◆ Provided data
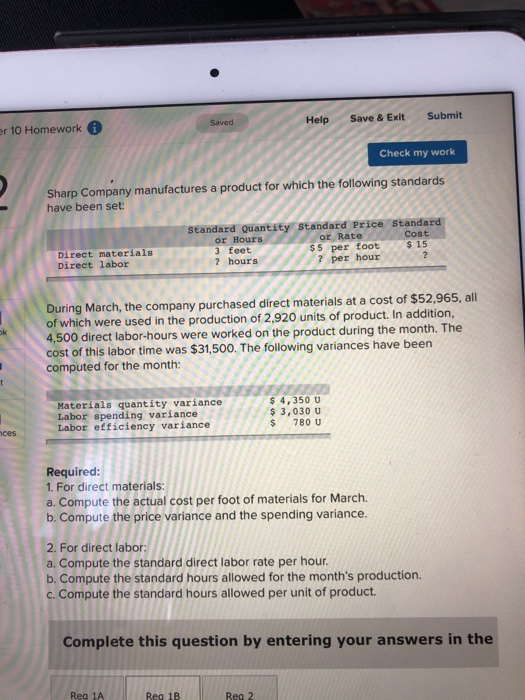  For direct materials, compute the price variance and spending variance. er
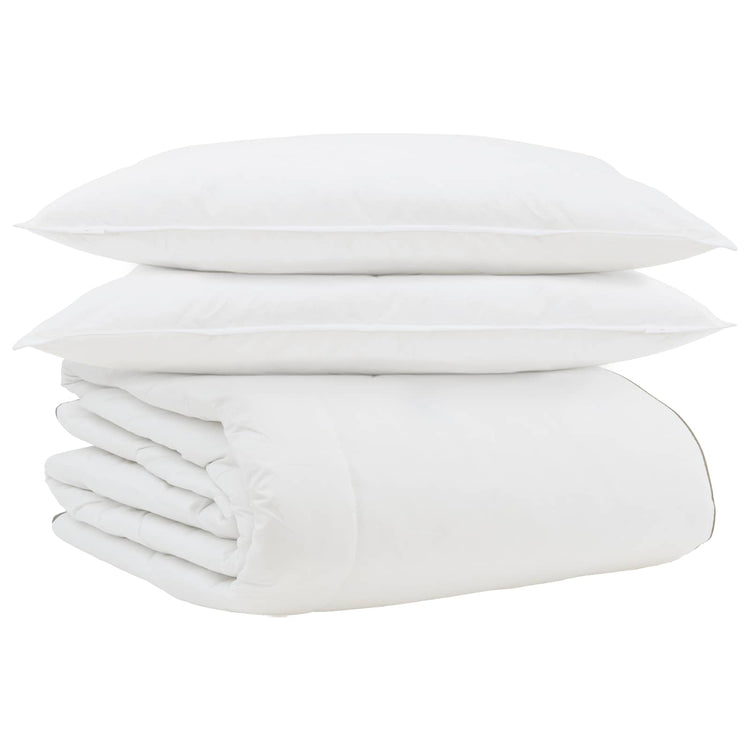 Vidaxl couette d'hiver avec oreiller 3 pcs plumes blanches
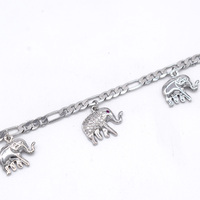 S0389 bracelet de cheville de haute qualité argent Zircon éléphant cheville couleur argent femmes prix de cheville d'été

◆ Exercise aim
Leaving the pictures out, give back each line above exactly.

◆ Response
  For direct materials, compute the price variance and spending variance. er
 Vidaxl couette d'hiver avec oreiller 3 pcs plumes blanches
 S0389 bracelet de cheville de haute qualité argent Zircon éléphant cheville couleur argent femmes prix de cheville d'été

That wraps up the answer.